NOTE 1. BASIS OF PRESENTATION

     The interim condensed consolidated financial statements included herein
have been prepared by Billing Information Concepts Corp. ("Billing") and
subsidiaries (collectively referred to as the "Company"), without audit,
pursuant to the rules and regulations of the Securities and Exchange
Commission. Certain information and footnote disclosures normally included in
financial statements prepared in accordance with generally accepted accounting
principles have been condensed or omitted pursuant to such rules and
regulations. In the opinion of the Company's management, the accompanying
interim condensed consolidated financial statements reflect all adjustments
that are necessary for a fair presentation of the Company's financial position,
results of operations and cash flows for such periods.
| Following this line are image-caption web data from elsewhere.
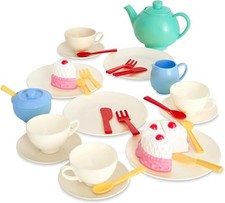 36-Piece Tea Set - Colorful Toy Playset with Teapot, Milk Jug, Cups 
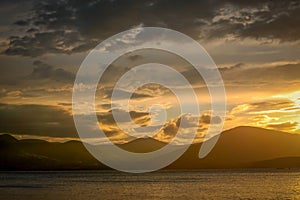 Mesmerizing view of the sunset sky over the Loch Lomond in Scotland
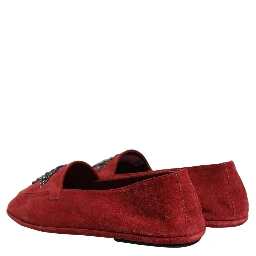 Red Suede Cross Slip On Dress Loafers Shoes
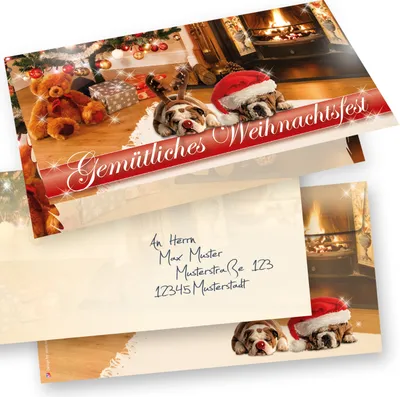 Produktbild von DROLLIGE HUNDE Weihnachtskarten mit Umschlag Set 15er SET Klappkarten DIN lang lustig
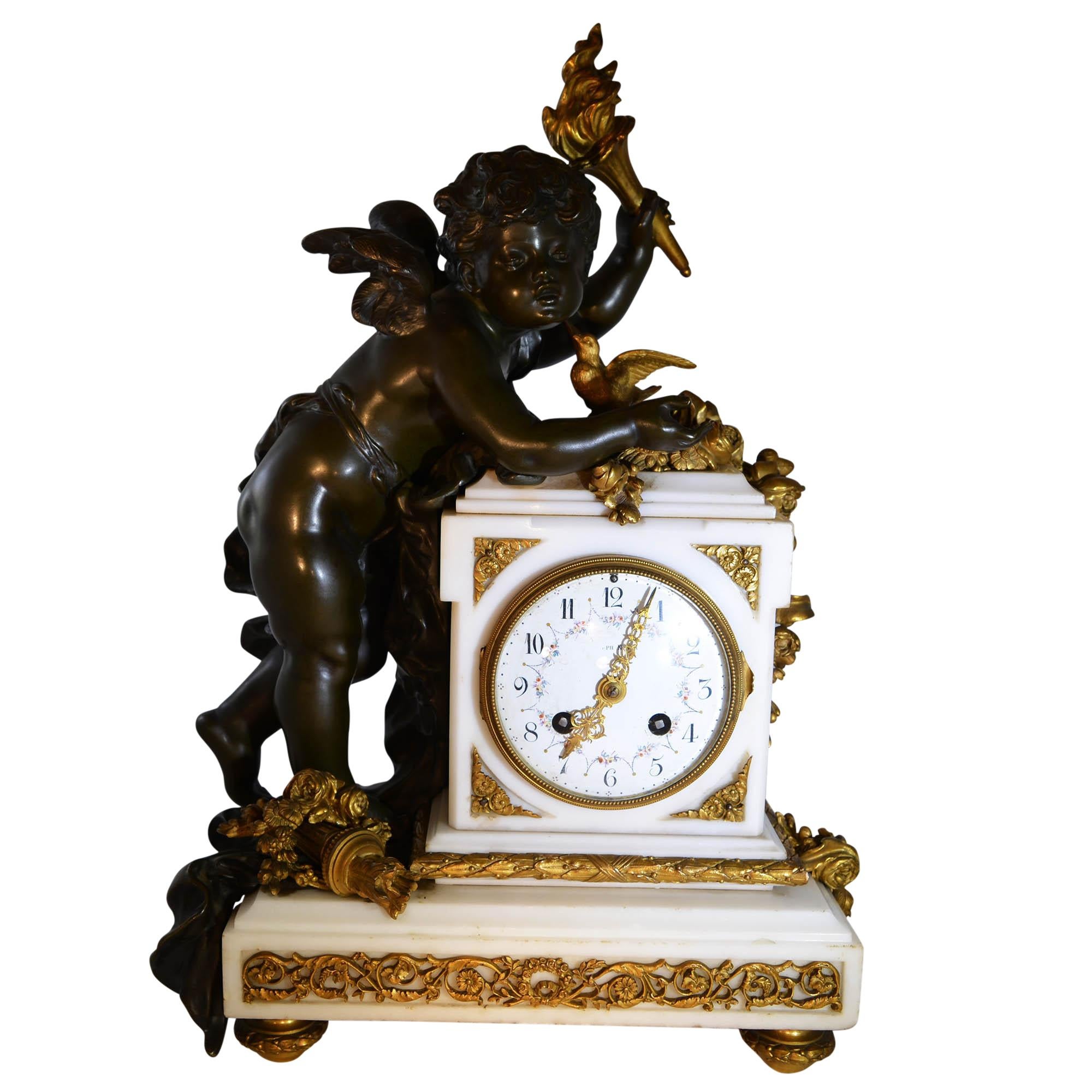 Antique Mantle Clock on Marble Base Bronze and Patina Bronze Louis XVI Style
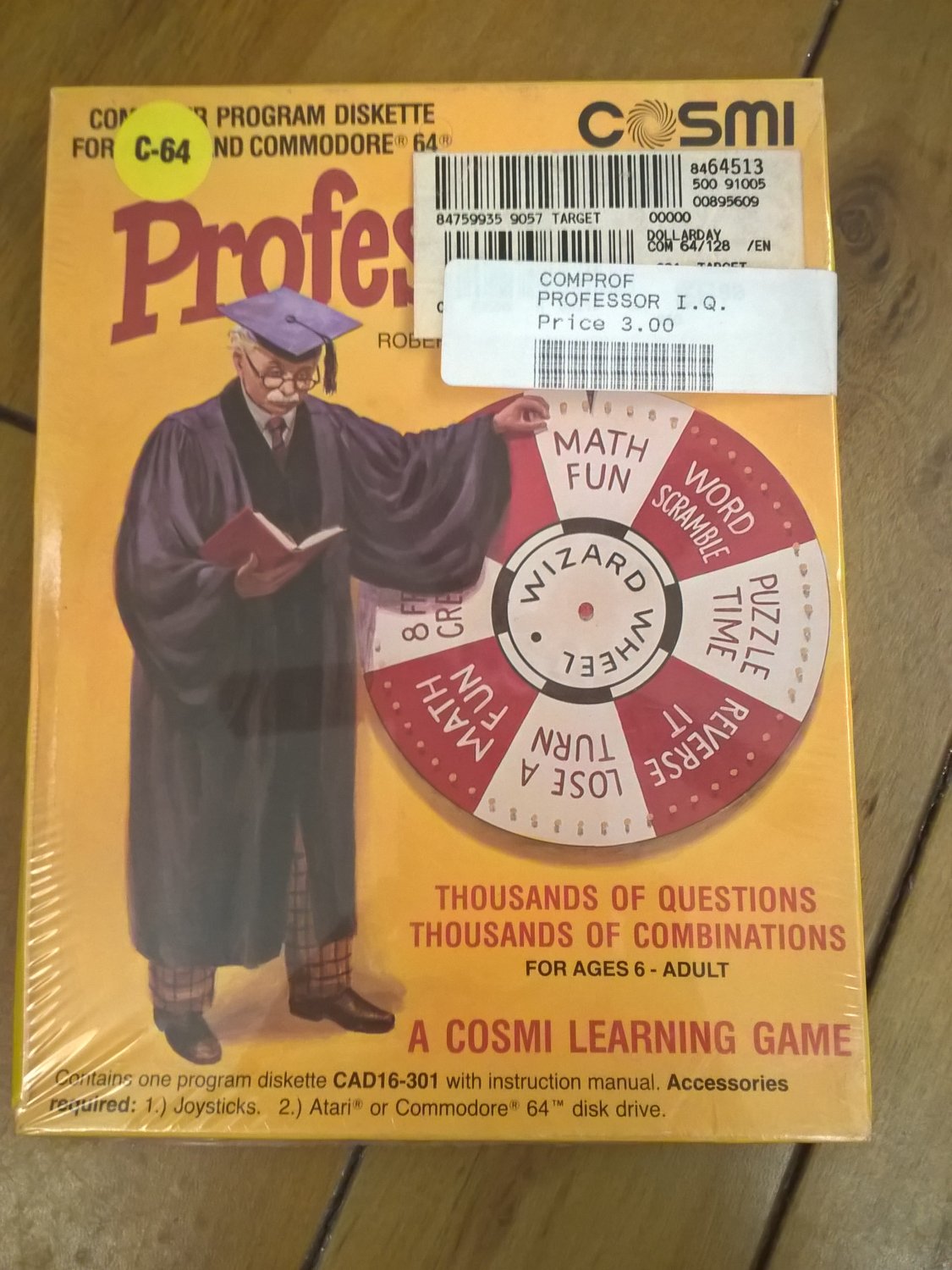Professor IQ (Cassette) For Commodore 64 128 & Atari, NEW FACTORY SEALED, Cosmi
All such adjustments are
of a normal recurring nature. It is recommended that these interim condensed
consolidated financial statements be read in conjunction with the consolidated
financial statements and the notes thereto included in the Company's Annual
Report on Form 10-K for the year ended September 30, 1996. Results of
operations for interim periods are not necessarily indicative of results that
may be expected for any other interim periods or the full fiscal year. Certain
prior period amounts have been reclassified for comparative purposes.

     The preparation of financial statements in conformity with generally
accepted accounting principles requires management to make estimates and
assumptions that affect the reported amounts of assets and liabilities and
disclosure of contingent assets and liabilities at the date of the financial
statements and the reported amounts of revenues and expenses during the
reporting period. Actual results could differ from those estimates.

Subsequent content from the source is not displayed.